# Instructions to follow
Will you write out, word for word, every line from the one with "Used Audi A6L" to the final line of the data below, with the pictures left out?

(Image-text web data)
- Opening Delimiter -
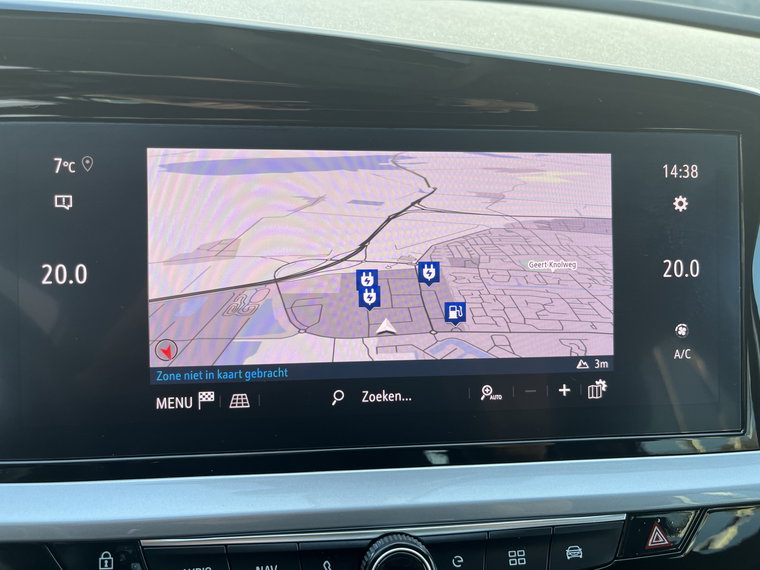 Vehicle Image 25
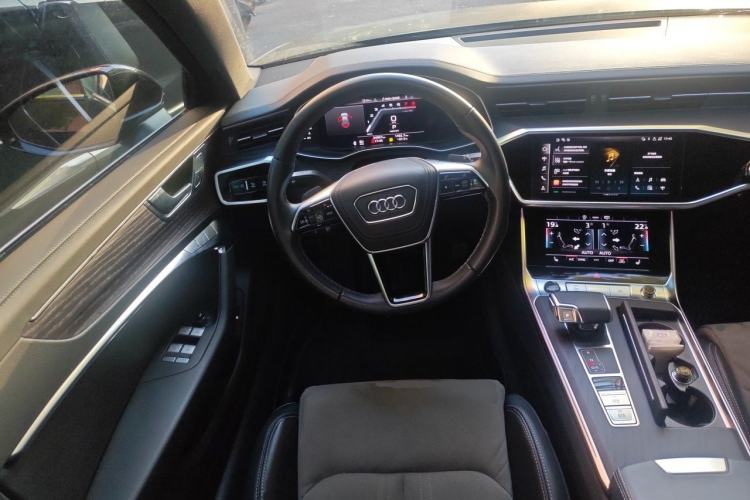 Used Audi A6L 2023 Revised Edition 45 TFSI quattro Prestige Dynamic Version Steering Wheel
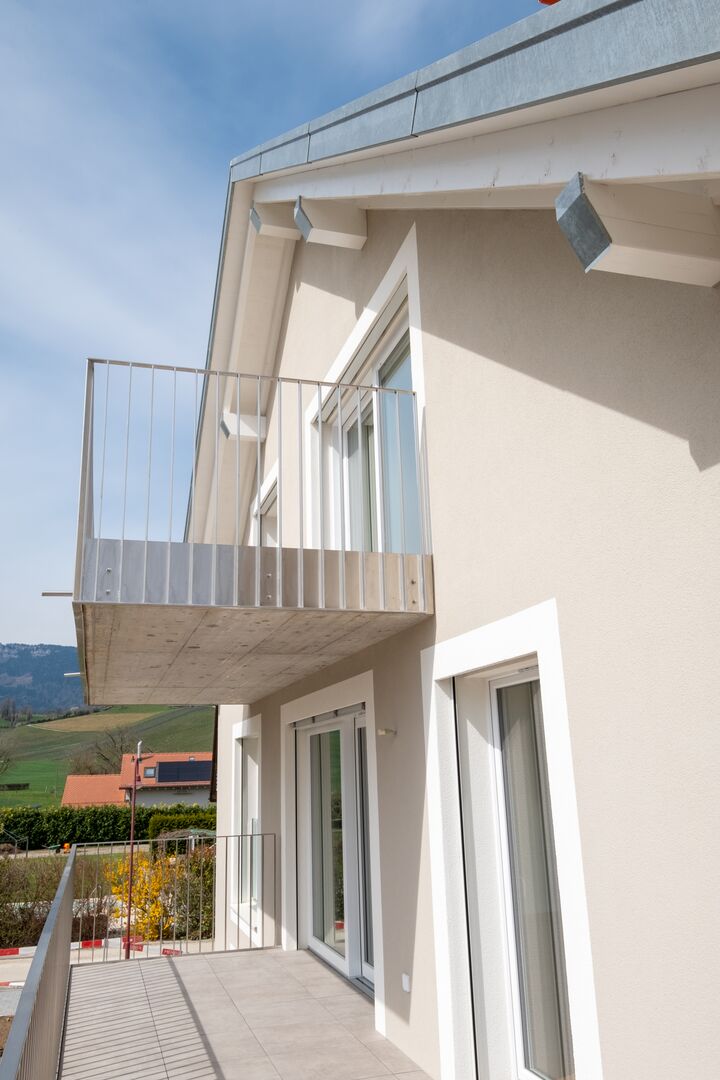Construction d'un petit immeuble au style villageois avec 6 appartements : les extérieurs.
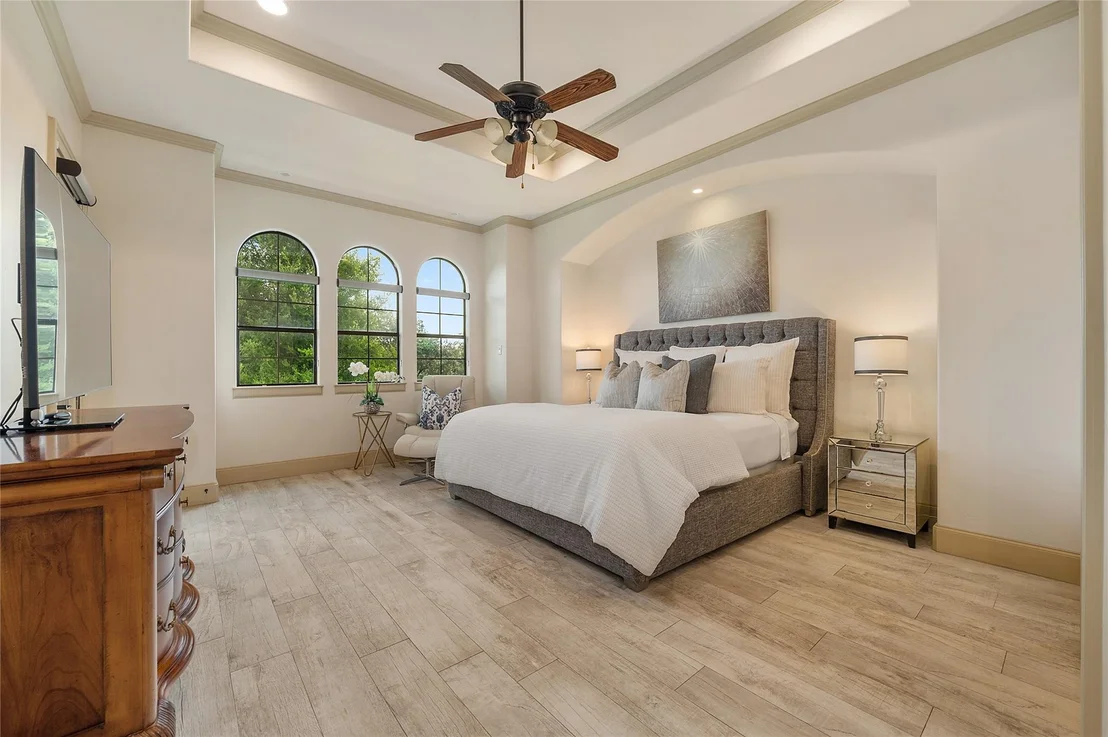 Photo of 117 Black Wolf RUN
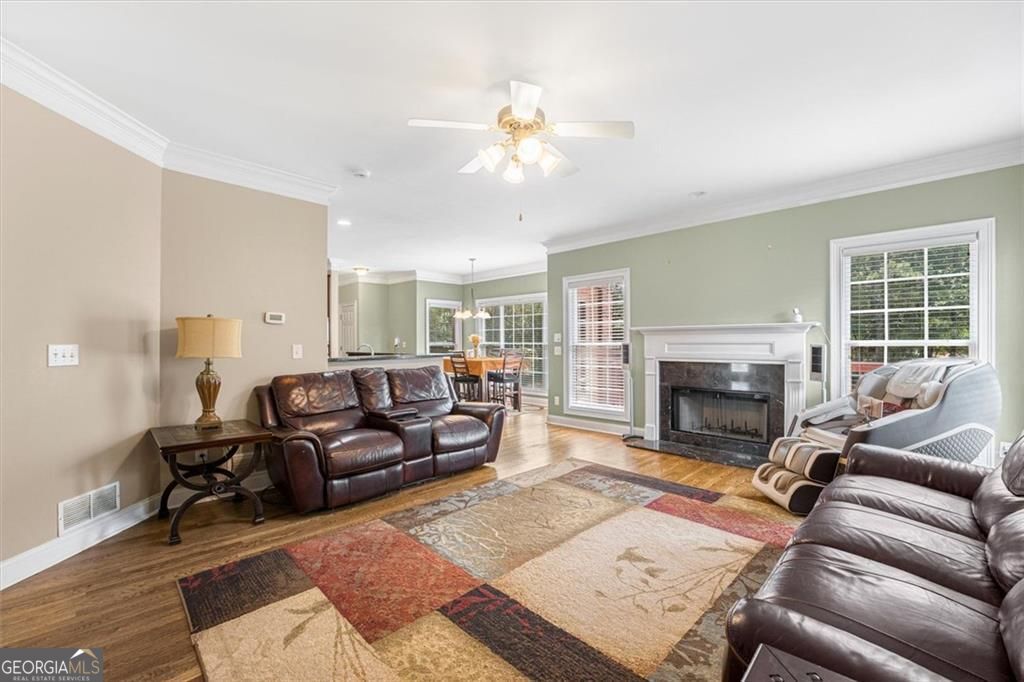 Welcome to 101 Lumby Lane, a stunning 4-sided brick residence in the s – image 26
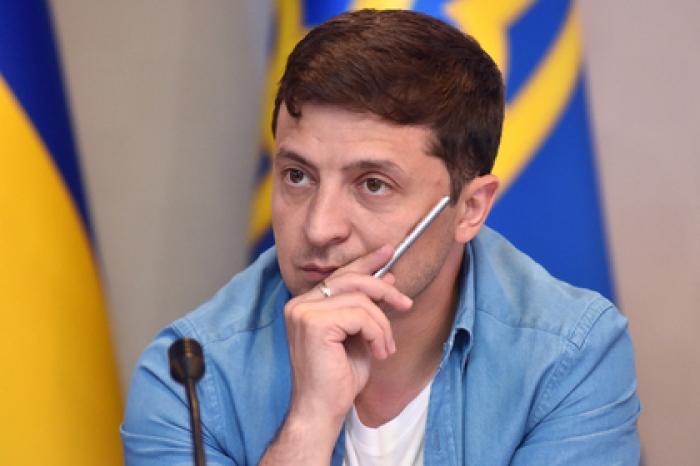 Зеленский пообещал украинцам упростить поездки в Крым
- Closing Delimiter -
# Completed task
 Used Audi A6L 2023 Revised Edition 45 TFSI quattro Prestige Dynamic Version Steering Wheel
Construction d'un petit immeuble au style villageois avec 6 appartements : les extérieurs.
 Photo of 117 Black Wolf RUN
 Welcome to 101 Lumby Lane, a stunning 4-sided brick residence in the s – image 26
 Зеленский пообещал украинцам упростить поездки в Крым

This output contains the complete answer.